I get the following error

root@Khadas:/media/nvme/khadas/vim4_npu_applications-master/face_recognition/build# sudo ./face_recognition -M …/data/model/retinaface_int8.adla -m …/data/model/facenet_int8.adla -p 1
adla usr space 1.2.0.5
E NN_SDK:[aml_adla_create_network_common:357]Error: create network fail.
amlnn_init is fail

What additional logs can I source to investigate this further?

To reproduce
(1) Flash the emmc with the image
(2) Install the face_recognition demo
(3) Attempt to run the demo, and it should work successfully
(4) apt install runc
(5) Attempt to run the demo, and it should work successfully
(6) apt install containerd
(7) Attempt to run the demo, and it should now fail with the mentioned error

@davidharding debian images do not come with the same packages as Ubuntu image, there may be things missing regarding the npu, this is standard.

we will check this and provide you with necessary packages

Hello @davidharding

Can you check the new image ? It works on my side. You can use OOWOW to install vim4-debian-11-server-linux-5.15-fenix-1.5.2-231102-develop-test-only online.

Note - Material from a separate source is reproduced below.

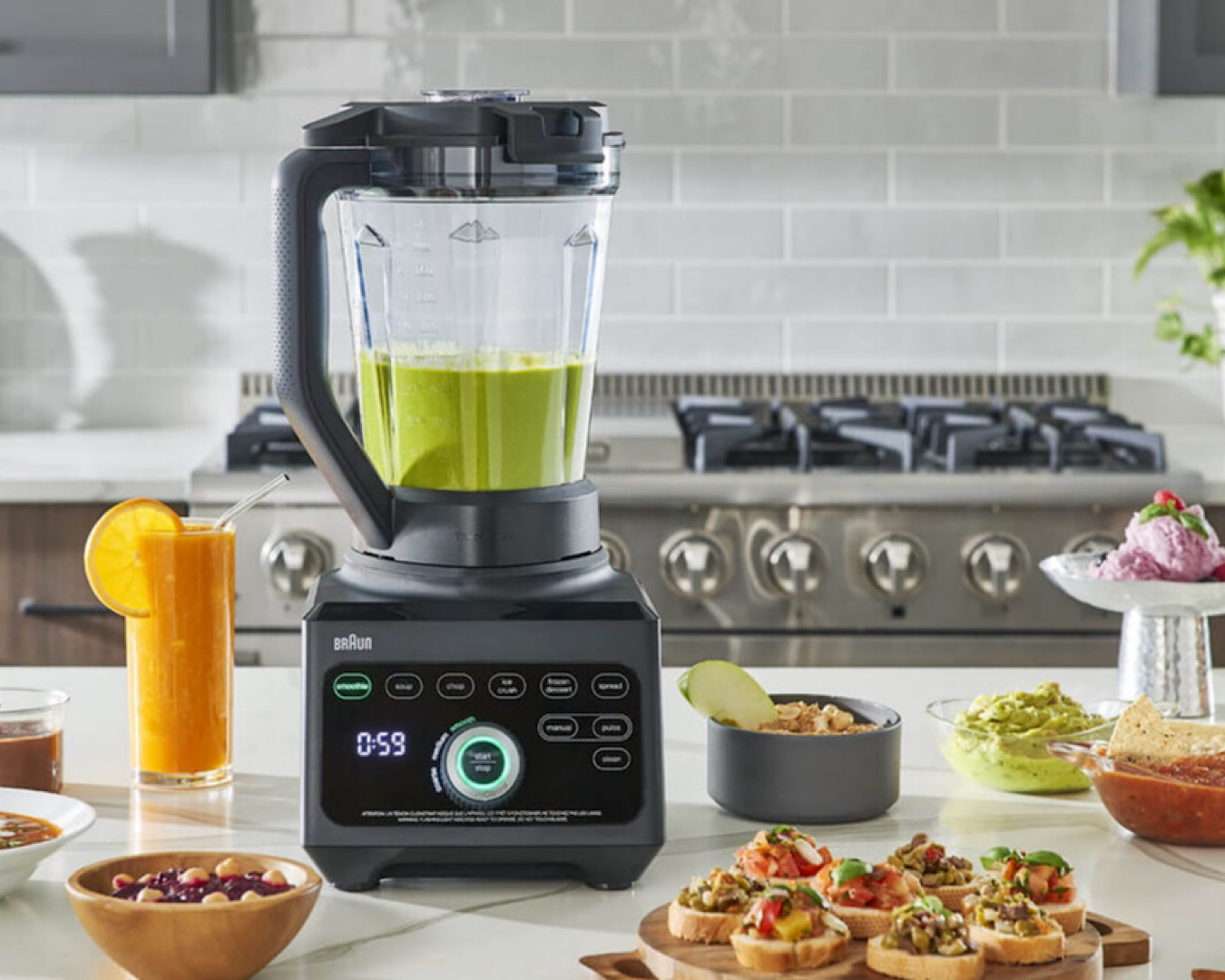A Braun PowerBlend 9 Jug Blender proudly surveying the nuts and vegetables it’s reduced to liquid and near-liquid.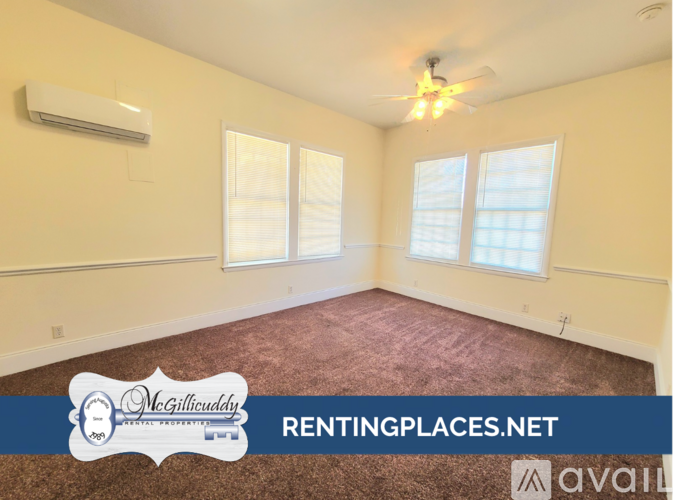 A room with a carpeted floor, a ceiling fan, and a window with blinds.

khadas@Khadas:~/vim4_npu_applications/face_recognition/build$ 
khadas@Khadas:~/vim4_npu_applications/face_recognition/build$ cat /etc/fenix-release 
# PLEASE DO NOT EDIT THIS FILE
BOARD=VIM4
VENDOR=Amlogic
VERSION=1.5.2
ARCH=arm64
INITRD_ARCH=arm64
IMAGE_VERSION=1.5.2-231102
################ GIT VERSION ################
UBOOT_GIT_VERSION=khadas-vims-u-boot-2019.01-v1.5.2-release-709-g1b24e6d
LINUX_GIT_VERSION=v5.15.78-6346-g33a25ce
FENIX_GIT_VERSION=v1.5.2-132-g203e2c6
#############################################
khadas@Khadas:~/vim4_npu_applications/face_recognition/build$ 
khadas@Khadas:~/vim4_npu_applications/face_recognition/build$ lsb_release -a
No LSB modules are available.
Distributor ID: Debian
Description:    Debian GNU/Linux 11 (bullseye)
Release:        11
Codename:       bullseye
khadas@Khadas:~/vim4_npu_applications/face_recognition/build$ 
khadas@Khadas:~/vim4_npu_applications/face_recognition/build$ 
khadas@Khadas:~/vim4_npu_applications/face_recognition/build$ sudo ./face_recognition -M ../data/model/retinaface_int8.adla -m ../data/model/facenet_int8.adla -p 1
adla usr space 1.2.0.5
adla usr space 1.2.0.5
[ 1134.260636][1 T416   ..] adlak_core clk requirement of 800000000 Hz,and real val is 799999988 Hz.
khadas@Khadas:~/vim4_npu_applications/face_recognition/build$ 
khadas@Khadas:~/vim4_npu_applications/face_recognition/build$ 
khadas@Khadas:~/vim4_npu_applications/face_recognition/build$ sudo ./face_recognition -M ../data/model/retinaface_int8.adla -m ../data/model/facenet_int8.adla -p ../data/img/lin_2.jpg
adla usr space 1.2.0.5
adla usr space 1.2.0.5
lin_2.dat
1.000000
lin_1.dat
0.873803
lin_3.dat
0.795178
xu_1.dat
0.457403
xu_3.dat
0.377446
xu_2.dat
0.307754
class:face,label_num:0,prob:0.999055,left:30,top:55,right:128,bot:158
khadas@Khadas:~/vim4_npu_applications/face_recognition/build$ 

I have tried with the latest image on OOWOW

PLEASE DO NOT EDIT THIS FILE

BOARD=VIM4
VENDOR=Amlogic
VERSION=1.5.2
ARCH=arm64
INITRD_ARCH=arm64
IMAGE_VERSION=1.5.2-231102
################ GIT VERSION ################
UBOOT_GIT_VERSION=khadas-vims-u-boot-2019.01-v1.5.2-release-709-g1b24e6d
LINUX_GIT_VERSION=v5.15.78-6346-g33a25ce
FENIX_GIT_VERSION=v1.5.2-132-g203e2c6

#############################################
No LSB modules are available.
Distributor ID: Debian
Description: Debian GNU/Linux 11 (bullseye)
Release: 11
Codename: bullseye

It is definitely the installation of β€œcontainerd” that causes the problem.
Before that the example works fine.

I can’t track this fault down further myself, as the fault appears to originate from within the libnnsdk.so

This is 100% reproducible

What you mean about this ? Just install containerd package will break the npu? Can you provide the reproduce steps?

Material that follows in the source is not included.